Speaker : Pablo Portilla cuadrado (University of Lille)
Place : 상산관 129동 406호
Schedule : 7/11 (Mon) Survival kit on plane curve singularities I
7/12 (Tue) Survival kit on plane curve singularities II
7/18 (Mon) Characterizing the geometric monodromy group of an isolated plane curve singularity
7/19 (Tue) A quadratic form associated with pseudo-periodic homeomorphisms arising from singularity theory
(each day) 10:30 ~ 11:30, 11:45 ~ 12:45
TiTle : Survival kit on plane curve singularities I & II
The study of plane curve singularities is one of the most classical parts of singularity theory going back to Newton in the XVII century. When one studies complex polynomials in two variables, singularities appear in a very natural way. Although many times this topic is treated from an algebraic point of view, one quickly sees that it has many ties with low dimensional topology
topics such as knot theory and mapping class groups.
In this mini-course we will make a gentle introduction to singularity theory through the world of plane curves. We will focus on the topological aspect of singularities and we will mainly learn techniques through rich examples. By the end of the course we will be able to compute many invariants of a plane curve singularity and we will understand the topology around a singular point of an algebraic plane curve. In particular we will learn how to find parametrizations of each irreducible component of a plane curve singularity. We will see how these parametrizations can result very useful in computing the embedded topology of each branch and how each branch interacts with the rest. We will learn to find smooth models (resolve) of plane curve singularities by repeatedly blowing up the ambient space and, from the final picture, we will understand the topology of the Milnor fibration and its geometric monodromy. We will end the course by introducing the versal unfolding of a plane curve singularity and posing some questions that naturally emanate from it.

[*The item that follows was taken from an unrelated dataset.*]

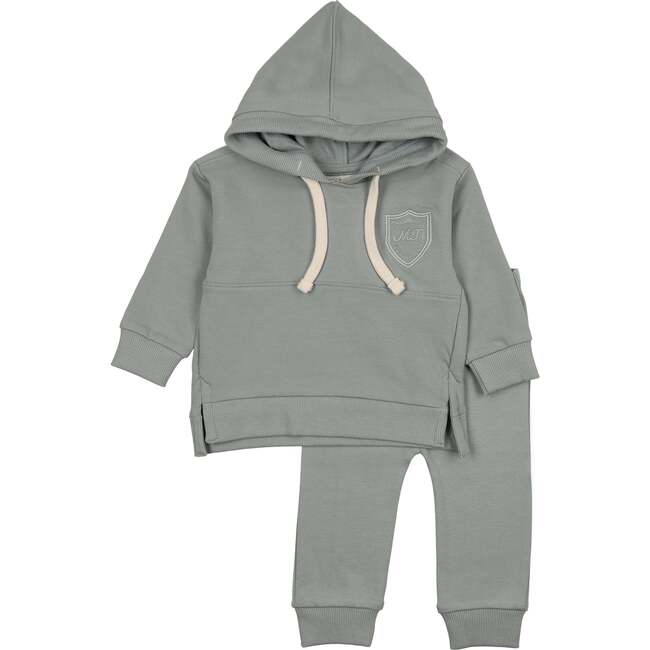 MT Signature Hoodie Ensemble, Stone Blue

Title : Characterizing the geometric monodromy group of an isolated plane curve singularity
In this talk we will explain an intrinsic characterisation of the geometric monodromy group of an isolated plane curve singularity as the stabiliser in the mapping class group of the Milnor fiber of the relative isotopy class of a canonical vector field. We will also discuss two interesting consequences of this result: an easy and efficient criterion for detecting whether a simple closed curve in the Milnor fiber is a geometric vanishing cycle or not, and the non-injectivity of the natural representation of the versal unfolding of the singularity. This is a joint work with Nick Salter.
Title : A quadratic form associated with pseudo-periodic homeomorphisms arising from singularity theory
In this talk, we study the nilpotent part of a pseudo-periodic automorphism of a real oriented surface with boundary. We associate a quadratic form Q defined on the first homology group of the surface. Using some techniques from mapping class group theory, we prove that a related form is positive definite under some conditions that are always satisfied for monodromies of Milnor fibers of germs of curves on normal surface singularities. Moreover, the form Q is computable in terms of the dual resolution or semistable reduction graph. Numerical invariants associated with Q are able to distinguish plane curve singularities with different topological types but same spectral pairs. This is a joint work with L. Alanís, E. Artal, C. Bonatti, X. Gómez-Mont and M. González Villa.